Segment Start: Supplied data
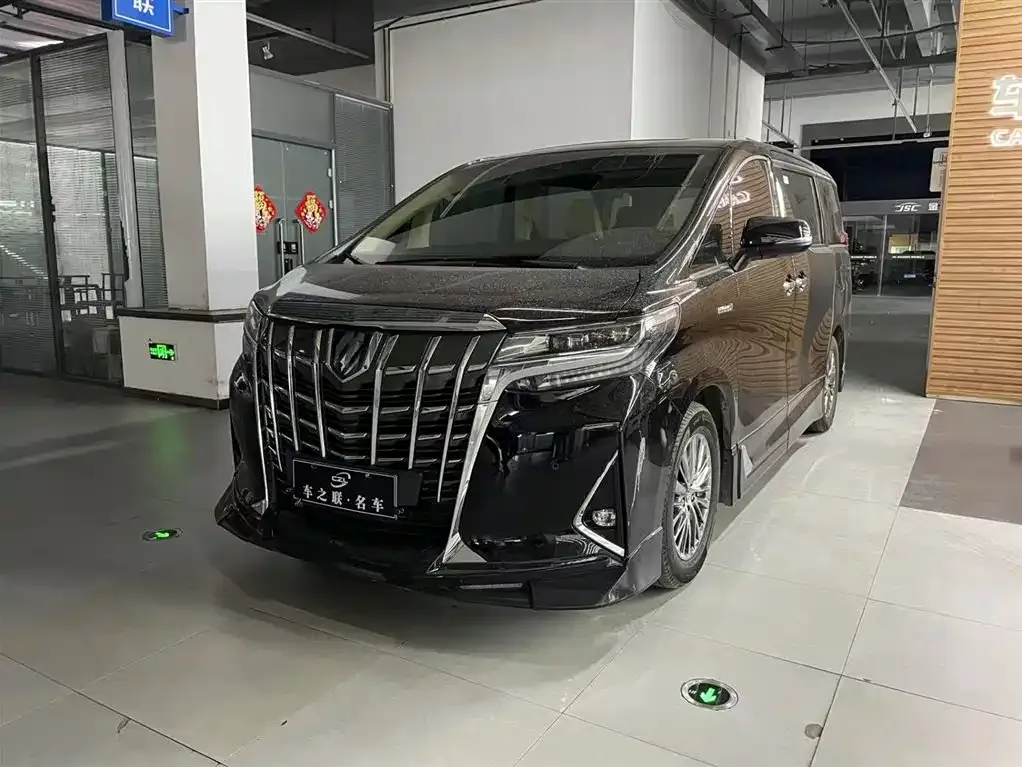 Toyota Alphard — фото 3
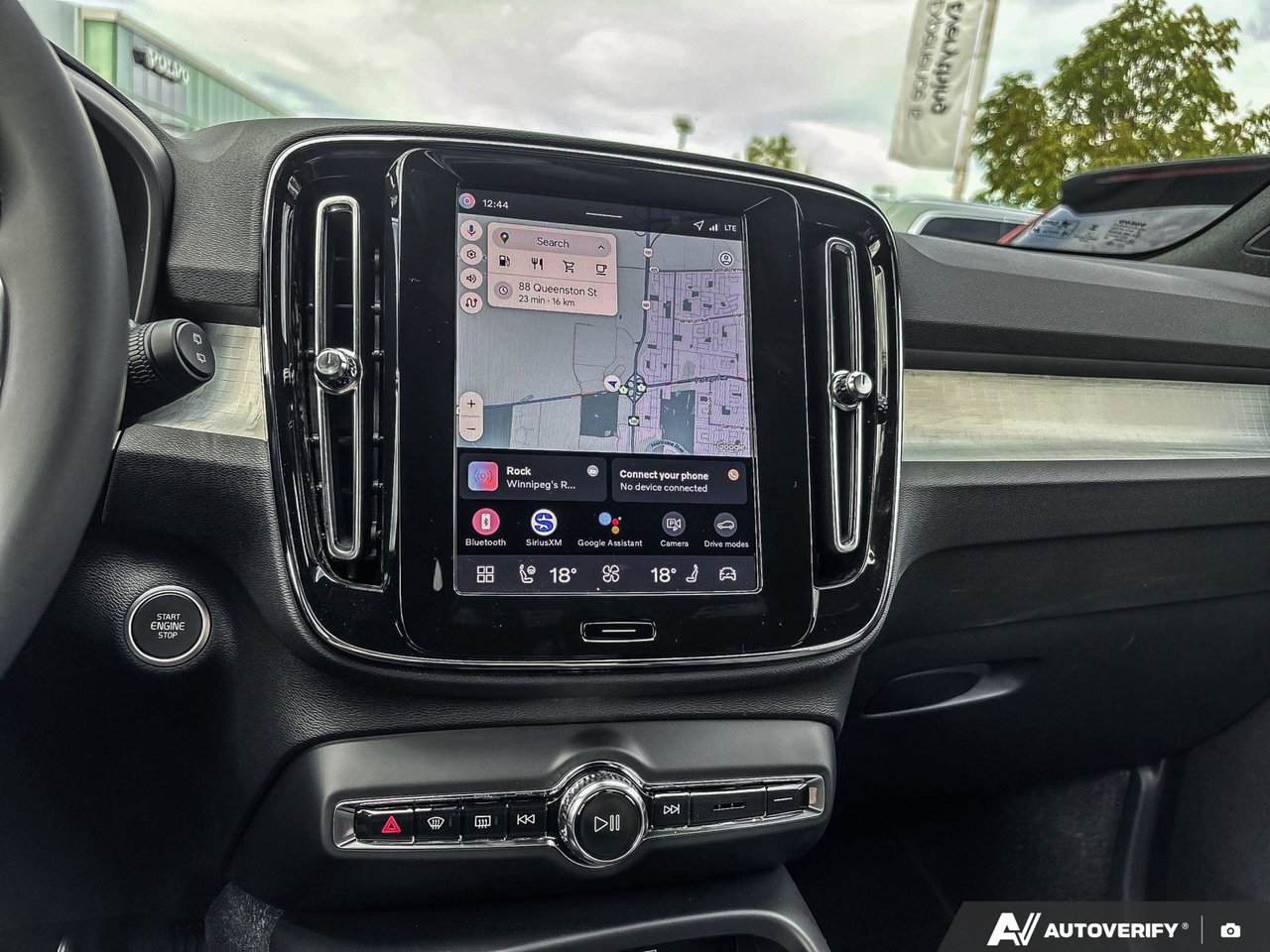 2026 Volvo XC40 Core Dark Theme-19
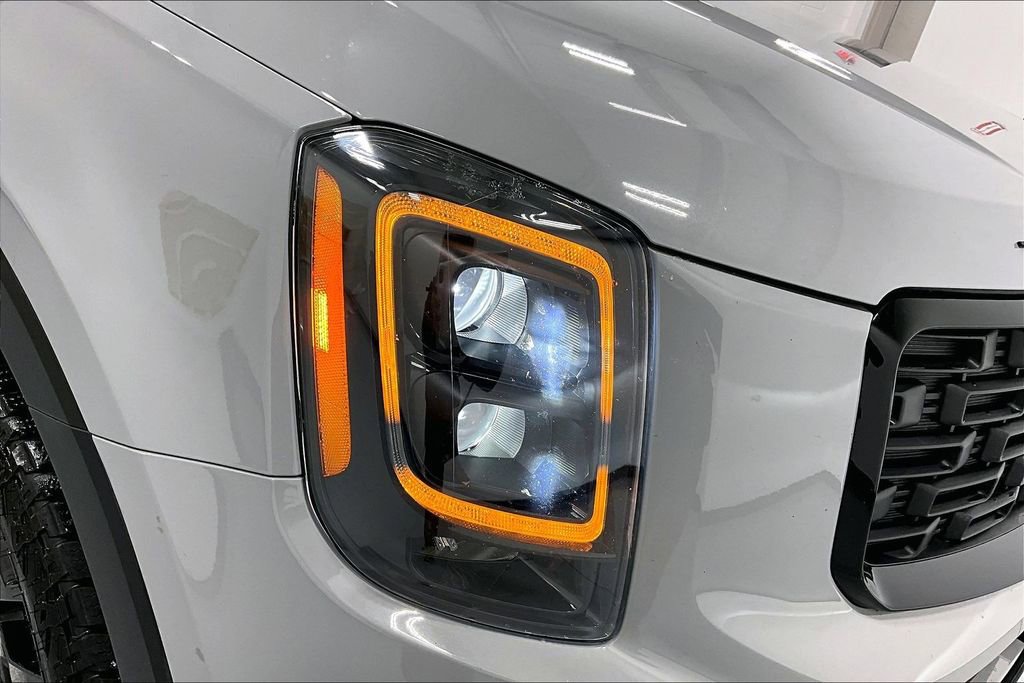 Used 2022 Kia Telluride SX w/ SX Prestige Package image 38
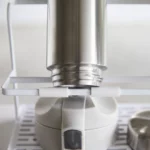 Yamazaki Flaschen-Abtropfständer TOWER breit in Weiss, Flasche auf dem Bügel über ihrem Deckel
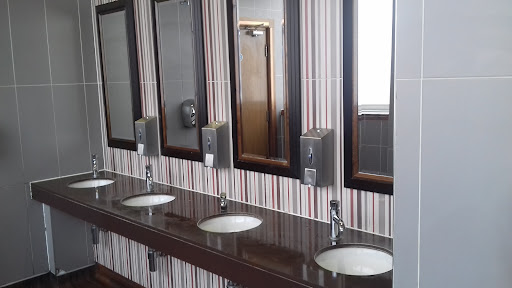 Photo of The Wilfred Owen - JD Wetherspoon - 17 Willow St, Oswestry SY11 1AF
Segment End: Supplied data
Segment Start: Supplied data
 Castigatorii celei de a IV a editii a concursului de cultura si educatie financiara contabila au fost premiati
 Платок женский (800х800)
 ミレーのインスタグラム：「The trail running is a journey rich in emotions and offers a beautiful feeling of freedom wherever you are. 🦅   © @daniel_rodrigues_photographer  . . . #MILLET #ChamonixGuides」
Segment End: Supplied data
Segment Start: Supplied data
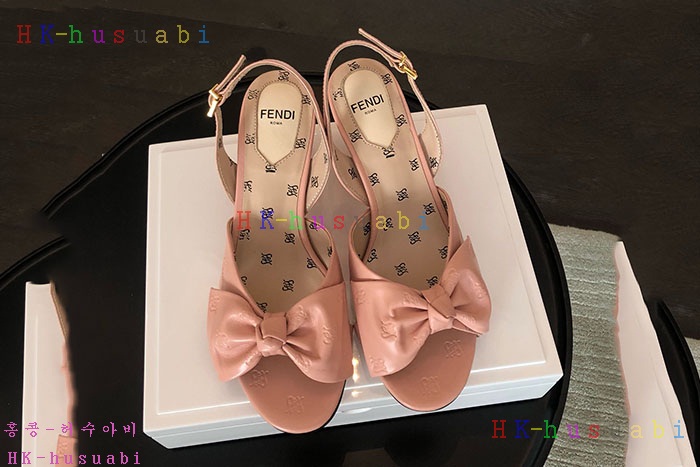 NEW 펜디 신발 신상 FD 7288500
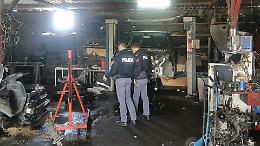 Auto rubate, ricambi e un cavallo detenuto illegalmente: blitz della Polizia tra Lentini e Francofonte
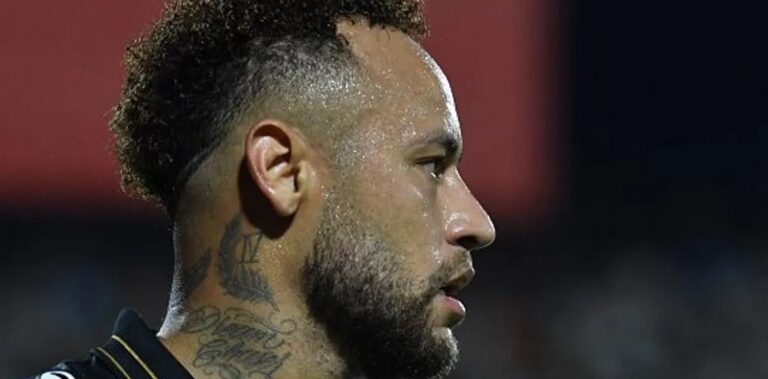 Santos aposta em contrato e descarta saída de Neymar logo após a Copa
Segment End: Supplied data
▶ _Assignment_
Of the records above, print only the lines from the one containing "Toyota Alphard — фото 3" through the one containing "Photo of The", inclusive and unaltered, leaving out pictures.

▶ _Your solution_
 Toyota Alphard — фото 3
 2026 Volvo XC40 Core Dark Theme-19
 Used 2022 Kia Telluride SX w/ SX Prestige Package image 38
 Yamazaki Flaschen-Abtropfständer TOWER breit in Weiss, Flasche auf dem Bügel über ihrem Deckel
 Photo of The Wilfred Owen - JD Wetherspoon - 17 Willow St, Oswestry SY11 1AF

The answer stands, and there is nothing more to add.